Beyond immediate market dynamics, Saudi Arabia is executing transformational infrastructure investments that will strengthen its position for decades. The Jafurah unconventional gas field, containing an estimated 229 trillion standard cubic feet of raw gas, commenced phase one operations in the third quarter of 2025. Total lifecycle investment is projected to exceed $100 billion. The development serves multiple strategic objectives. Domestically, it enables displacement of oil-fired power generation with natural gas, freeing additional crude for export. At peak production, the Jafurah development alone will replace over 300,000 barrels per day of domestic consumption effectively expanding Saudi export capacity without requiring new crude production investments.


Historical Lessons

The structural parallels to 1985 are substantial. In both periods, Saudi Arabia increased production despite depressed prices, accepting short-term revenue losses for longer-term strategic objectives. In both cases, the target economy depended heavily on petroleum exports to finance military expenditures. Both situations featured coordinated Western pressure complementing market-based economic warfare. The fiscal mechanisms demonstrate continuity. Just as Soviet debt exploded following the 1985-1986 price collapse, Russia's current deficit has reached record levels. The depletion of sovereign wealth reserves follows a similar trajectory.
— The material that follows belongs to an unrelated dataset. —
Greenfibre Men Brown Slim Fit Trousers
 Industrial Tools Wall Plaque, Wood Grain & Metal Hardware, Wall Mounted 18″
And the downstream political consequences of fiscal strain, necessitating difficult choices between military spending, domestic subsidies, and reform, echo across four decades.


Yet important distinctions exist. Russia has proven more adaptable than the Soviet command economy in redirecting trade flows, maintaining substantial export volumes by pivoting toward Asian markets. China's emergence as Russia's largest remaining customer introduces complexities absent from the bipolar Cold War system. And the scale of 2025 sanctions exceeds anything attempted in the 1980s,comprehensive financial designations representing economic weapons that simply did not exist then. Whether this pressure proves sufficient to alter Russian strategic calculus, as it eventually did for the Soviet Union, remains the central uncertainty. What is clear is that Saudi Arabia has once again demonstrated willingness to deploy its unmatched production capacity in service of broader strategic objectives. The decisions made in Riyadh regarding oil production can reverberate far beyond petroleum markets, influencing the balance of power between nations.


History does not repeat, but it often rhymes, and the echoes of 1985 resonate unmistakably in 2025.